• **Aim of the task**
In the records below, find the line containing "Snapshot of lolamommie" and the line containing "Bagian luar foto"; please repeat exactly the lines from one to the other, both included, and nothing more.

• **Supplied data**
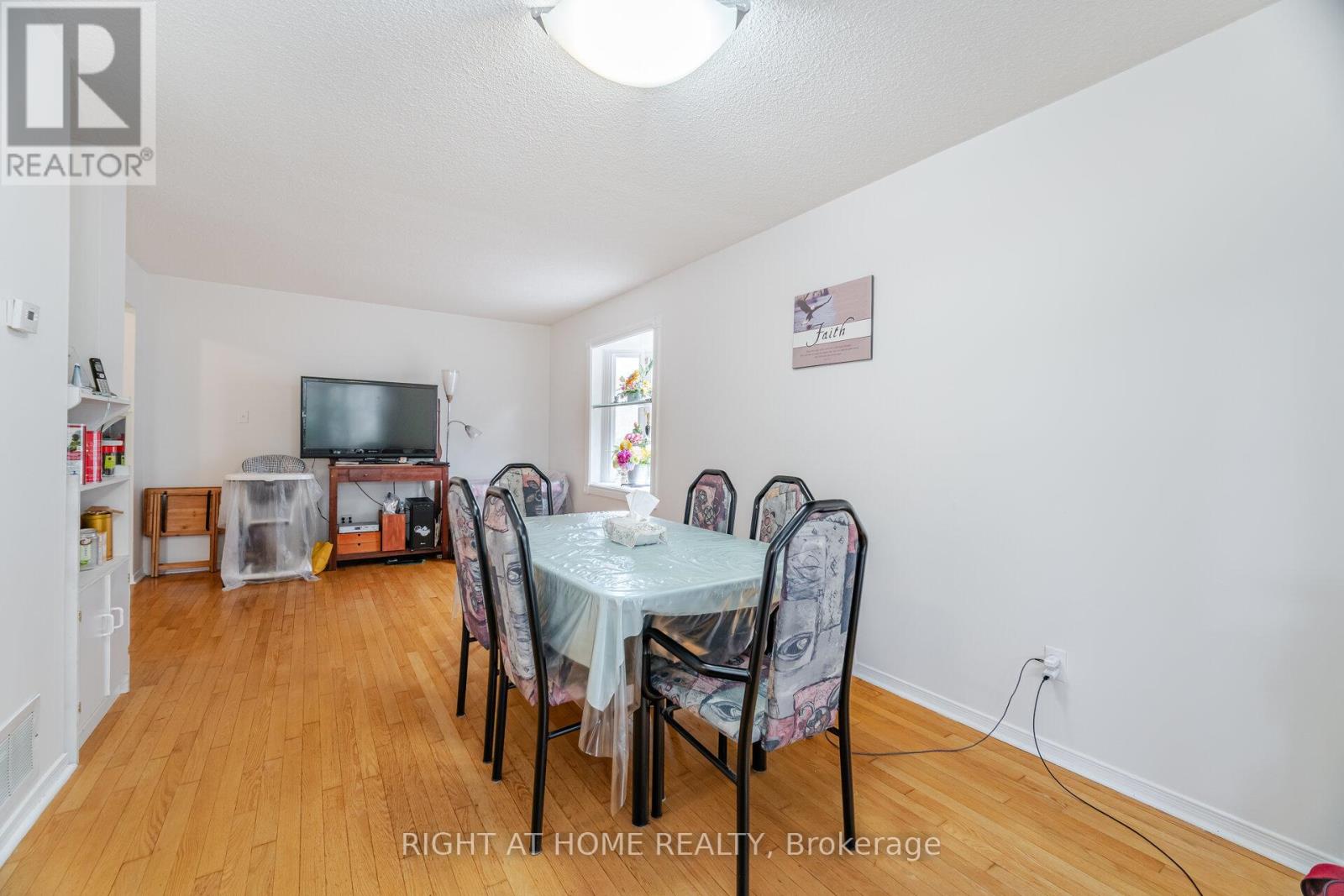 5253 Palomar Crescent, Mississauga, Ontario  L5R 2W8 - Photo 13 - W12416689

---

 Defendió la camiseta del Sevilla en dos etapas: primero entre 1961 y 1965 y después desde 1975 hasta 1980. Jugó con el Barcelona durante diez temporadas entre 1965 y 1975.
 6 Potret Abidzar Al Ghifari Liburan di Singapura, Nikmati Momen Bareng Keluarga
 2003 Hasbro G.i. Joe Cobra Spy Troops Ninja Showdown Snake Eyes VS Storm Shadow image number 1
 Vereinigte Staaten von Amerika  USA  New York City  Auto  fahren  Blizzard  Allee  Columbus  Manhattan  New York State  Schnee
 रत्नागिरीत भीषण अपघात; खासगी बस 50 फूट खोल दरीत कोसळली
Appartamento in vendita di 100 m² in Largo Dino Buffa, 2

---

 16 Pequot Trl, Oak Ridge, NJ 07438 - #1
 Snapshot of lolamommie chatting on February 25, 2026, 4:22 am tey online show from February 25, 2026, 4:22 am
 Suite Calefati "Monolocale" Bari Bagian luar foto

• **Expected answer**
 Snapshot of lolamommie chatting on February 25, 2026, 4:22 am tey online show from February 25, 2026, 4:22 am
 Suite Calefati "Monolocale" Bari Bagian luar foto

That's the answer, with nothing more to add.